- **DATASET CONTENT**:
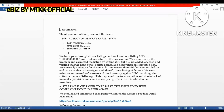First of all, when Amazon has removed your listing, your performance notification will state why they removed it and how to resolve it. You need to read the details carefully and then write a plan of action based on what is mentioned.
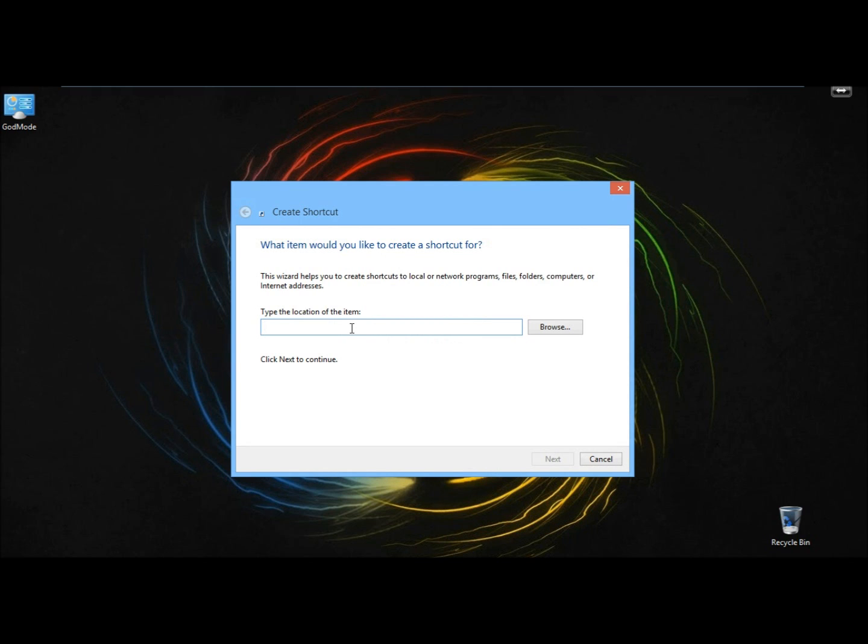Then I'm going to type shutdown.exe space forward slash p, and click next.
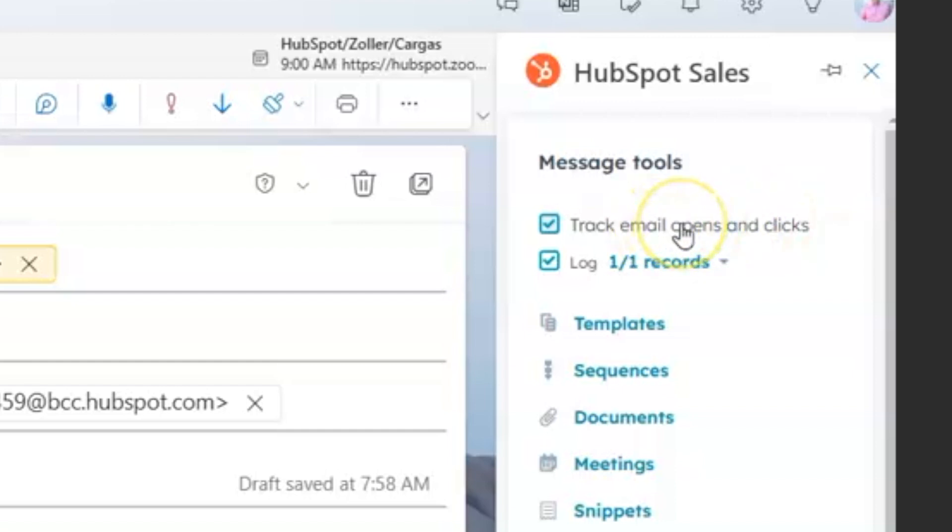So when they open the email, you get a notification. When they click on links within it, you'll get a notification about that. So really handy functionality.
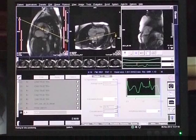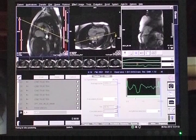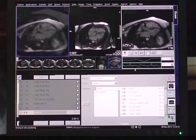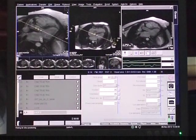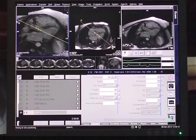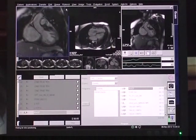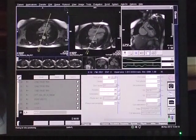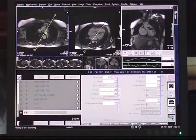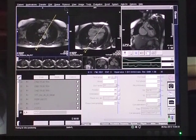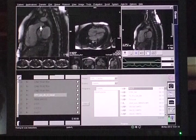For LVOT planning, a line is drawn through the center of the aortic valve and the left ventricle, showing the left atrium, left ventricle, and aorta. In the second LVOT view, a line is drawn through the aorta on the first LVOT view. For the RVOT view, on the true axial sequence, a line is drawn through the main pulmonary artery to obtain images of the right ventricle, RVOT, and main pulmonary artery.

- **ACTIVITY**: Print the data above from its first line through the line that has "So when they", exactly and with nothing else, omitting pictures.

- **RESULT**:
First of all, when Amazon has removed your listing, your performance notification will state why they removed it and how to resolve it. You need to read the details carefully and then write a plan of action based on what is mentioned.
Then I'm going to type shutdown.exe space forward slash p, and click next.
So when they open the email, you get a notification. When they click on links within it, you'll get a notification about that. So really handy functionality.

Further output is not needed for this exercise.